I used a bag of wine as a pillow last night.
You are not answering and I think it is because you spent 80 dollars worth of drinks on you hot cousin.
I just saw a kid drop his lollipop on the floor of best buy, kick it because he was pissed off and then pick it up and eat it. I think I have a long lost son.
This morning I saw a frozen puddle in front of my RA's door and I laughed, assuming someone poured water in hopes that she would slip and fall. That's when my roommate told me I had peed there last night. Thank you Captain Morgan!

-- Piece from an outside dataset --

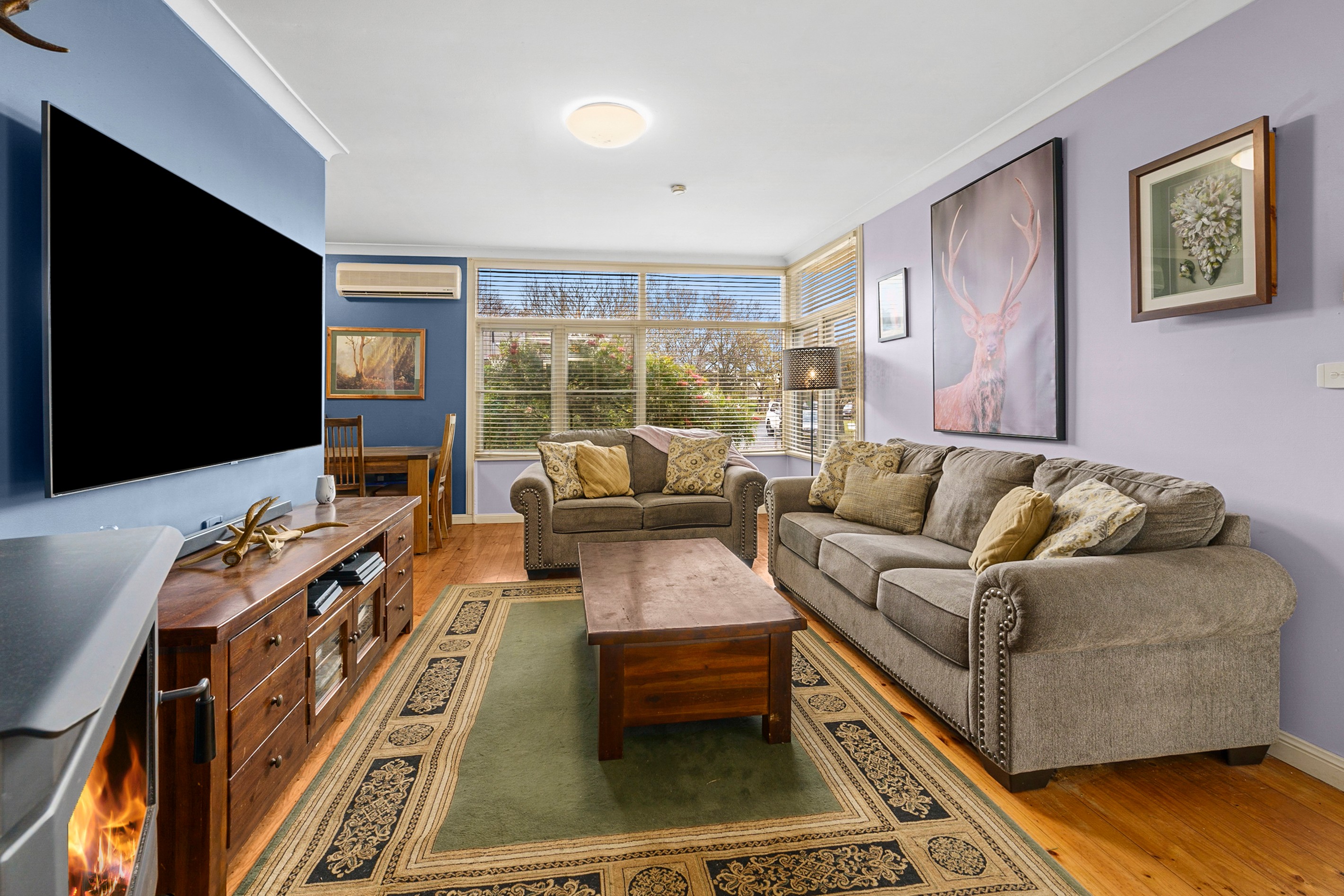 104 Luttrell Street, Hobartville, NSW 2753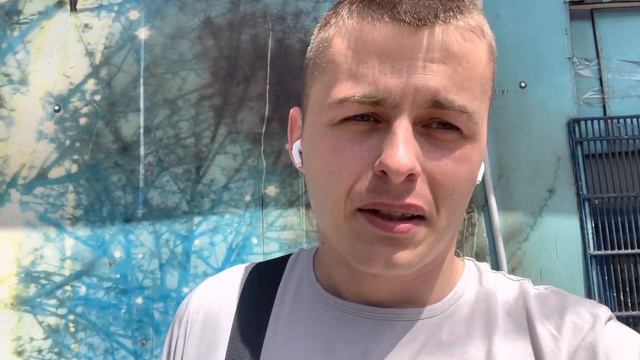 Получи своего урода! Ошибка Бога. Я нашел в чем Бог виноват! смотреть онлайн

Don't worry. This time I'll get black out drunk so they'll just think it's an American thing.
I hope your sleeping good cuz when u wake up im punching you square in the face
six ambien and a bong later...he was calling me blueberry princess who need rescuing from the evil oven, and he was sir Eatsalot.
Apprently after I bit that bouncer, it all went down hill.
I wore granny panties last night to ensure I didn't sleep with him. He said they made me seem more mature. I need a new plan
Could have had sex with an ex NFL kicker last night.
That would've been embarrassing.
I doubt she'll sponsor it. You know alcohol and fireworks don't mix, right?
It's okay. We're not going to soak the fireworks in alcohol. The alcohol is for drinking.
we tried to exchange flip flops in the parking lot and fell over then army crawled home
our relationship was basically a one night stand, with a three week long, morning after
You're having marijuana delivered to you. You're buying drugs and you aren't even leaving the house. I'm sure he'll be surprised if you're NOT wearing a bathrobe.
Give me like 5, I have to feed a moose and find my pants.